Experience Sitecore ! | All posts tagged 'Container'

Experience Sitecore !

More than 200 articles about the best DXP by Martin Miles

LTSC2022 images for Sitecore containers released: what does it mean to me?

Exciting news! Sitecore kept the original promise and released the new ltsc2022 container images for all the topologies of both the 10.3 and 10.2 versions of their platform.

The biggest benefits of new images are improved image sizes – almost 50% smaller than ltsc2019, and support for running Process Isolation on Windows 11.

Check it yourself:

So, what does that mean for developers and DevOps?

First and most, running Sitecore 10.3 on Windows Server 2022 is now officially supported. You may consider upgrading your existing solutions to benefit from Server 2022 runtime.

Developers working on Windows 11 now also got so much wanted support, containers built from the new images can run in Process isolation mode without a hypervisor. That brings your cluster performance to nearly bare metal metrics.


Let's try it in action!

I decided to give it a try and test if that would work and how effectively. I recently purchased a new Microsoft Surface  8 Pro laptop which had Windows 11 pre-installed and therefore useless for my professional purposes, so it seems to be excellent test equipment.

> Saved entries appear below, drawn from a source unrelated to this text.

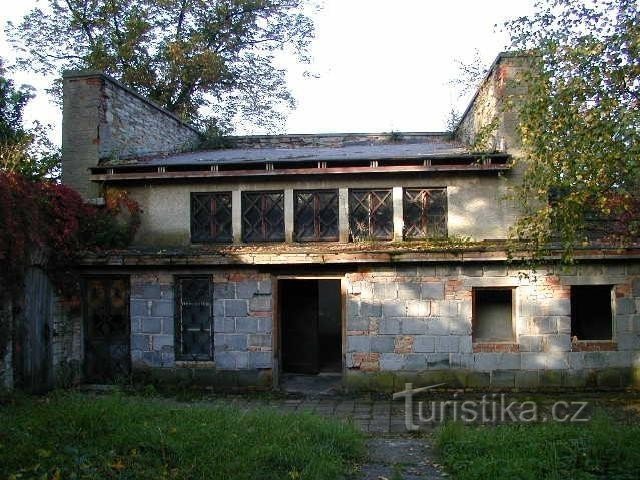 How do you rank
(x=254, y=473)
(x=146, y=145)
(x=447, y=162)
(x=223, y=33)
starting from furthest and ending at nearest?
(x=223, y=33) → (x=146, y=145) → (x=447, y=162) → (x=254, y=473)

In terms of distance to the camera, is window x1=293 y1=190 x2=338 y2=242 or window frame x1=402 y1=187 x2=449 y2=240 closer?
window frame x1=402 y1=187 x2=449 y2=240

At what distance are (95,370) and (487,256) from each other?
755 centimetres

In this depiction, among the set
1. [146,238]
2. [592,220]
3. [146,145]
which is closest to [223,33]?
[146,145]

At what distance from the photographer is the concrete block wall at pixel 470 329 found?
9789 millimetres

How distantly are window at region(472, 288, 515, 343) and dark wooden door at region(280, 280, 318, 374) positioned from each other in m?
3.61

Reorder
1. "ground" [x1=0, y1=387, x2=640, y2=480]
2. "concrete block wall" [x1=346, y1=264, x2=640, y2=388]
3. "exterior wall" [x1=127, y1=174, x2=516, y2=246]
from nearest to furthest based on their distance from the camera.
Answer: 1. "ground" [x1=0, y1=387, x2=640, y2=480]
2. "concrete block wall" [x1=346, y1=264, x2=640, y2=388]
3. "exterior wall" [x1=127, y1=174, x2=516, y2=246]

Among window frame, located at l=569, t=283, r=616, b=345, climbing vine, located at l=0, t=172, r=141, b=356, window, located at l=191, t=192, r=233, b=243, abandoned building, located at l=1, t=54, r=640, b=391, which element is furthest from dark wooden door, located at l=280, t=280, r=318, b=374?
window frame, located at l=569, t=283, r=616, b=345

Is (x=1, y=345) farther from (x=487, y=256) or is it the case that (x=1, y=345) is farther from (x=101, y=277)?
(x=487, y=256)

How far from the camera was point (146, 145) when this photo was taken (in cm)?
1375

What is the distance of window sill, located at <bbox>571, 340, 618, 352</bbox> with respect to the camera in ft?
32.1

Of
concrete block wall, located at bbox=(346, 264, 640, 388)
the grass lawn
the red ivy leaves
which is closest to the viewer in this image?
the grass lawn

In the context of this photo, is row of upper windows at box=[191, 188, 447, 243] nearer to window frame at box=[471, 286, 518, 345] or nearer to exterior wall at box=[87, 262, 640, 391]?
exterior wall at box=[87, 262, 640, 391]

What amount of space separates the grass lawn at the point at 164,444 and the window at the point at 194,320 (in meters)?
2.97

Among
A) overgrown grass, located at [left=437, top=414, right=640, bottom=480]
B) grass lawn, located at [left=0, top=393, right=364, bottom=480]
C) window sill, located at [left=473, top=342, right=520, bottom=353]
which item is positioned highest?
window sill, located at [left=473, top=342, right=520, bottom=353] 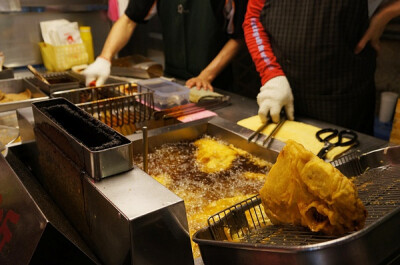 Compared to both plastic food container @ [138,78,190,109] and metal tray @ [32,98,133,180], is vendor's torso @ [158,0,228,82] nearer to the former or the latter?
plastic food container @ [138,78,190,109]

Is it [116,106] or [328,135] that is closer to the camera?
A: [328,135]

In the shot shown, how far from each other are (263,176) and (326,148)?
33 centimetres

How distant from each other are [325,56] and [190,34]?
4.73 feet

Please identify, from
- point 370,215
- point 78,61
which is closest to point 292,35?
point 370,215

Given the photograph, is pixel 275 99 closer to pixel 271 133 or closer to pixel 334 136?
pixel 271 133

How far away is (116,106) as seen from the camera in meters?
2.08

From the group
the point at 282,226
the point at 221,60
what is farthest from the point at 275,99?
the point at 282,226

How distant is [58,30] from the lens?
13.2 feet

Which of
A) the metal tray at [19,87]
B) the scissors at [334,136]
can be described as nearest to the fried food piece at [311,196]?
the scissors at [334,136]

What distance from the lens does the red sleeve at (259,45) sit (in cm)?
245

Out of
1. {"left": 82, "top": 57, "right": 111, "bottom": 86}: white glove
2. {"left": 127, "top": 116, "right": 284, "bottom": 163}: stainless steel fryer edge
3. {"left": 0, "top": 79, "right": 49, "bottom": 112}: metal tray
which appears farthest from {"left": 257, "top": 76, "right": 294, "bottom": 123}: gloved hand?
{"left": 0, "top": 79, "right": 49, "bottom": 112}: metal tray

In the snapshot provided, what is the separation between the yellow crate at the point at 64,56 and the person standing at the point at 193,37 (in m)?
0.63

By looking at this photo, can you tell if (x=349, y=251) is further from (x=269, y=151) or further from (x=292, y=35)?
(x=292, y=35)

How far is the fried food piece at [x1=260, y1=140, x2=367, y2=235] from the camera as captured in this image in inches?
34.8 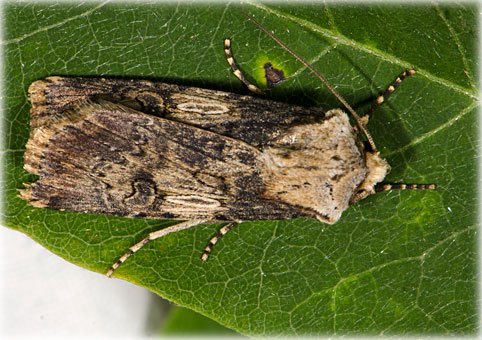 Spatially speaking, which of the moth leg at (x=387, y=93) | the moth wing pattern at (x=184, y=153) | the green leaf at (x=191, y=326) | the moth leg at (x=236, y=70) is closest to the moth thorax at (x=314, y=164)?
the moth wing pattern at (x=184, y=153)

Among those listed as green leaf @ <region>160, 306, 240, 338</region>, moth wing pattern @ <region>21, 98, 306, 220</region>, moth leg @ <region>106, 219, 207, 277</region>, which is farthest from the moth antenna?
green leaf @ <region>160, 306, 240, 338</region>

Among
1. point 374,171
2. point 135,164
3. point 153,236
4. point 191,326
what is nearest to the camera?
point 135,164

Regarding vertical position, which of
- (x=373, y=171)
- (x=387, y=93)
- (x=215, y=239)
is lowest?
(x=215, y=239)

After initial preparation and installing all the prerequisites, I was ready to go. Choosing the codebase I decided to go with the popular Sitecore Containers Template for JSS Next.js apps and Sitecore 10.3 XM1 topology, as the most proven and well-preconfigured starter kit.

Since I initialized my codebase with -Topology XM1 parameter, all the required container configurations are located under /MyProject/run/sitecore-xm1 folder. We are looking for .env file which stores all the necessary parameters.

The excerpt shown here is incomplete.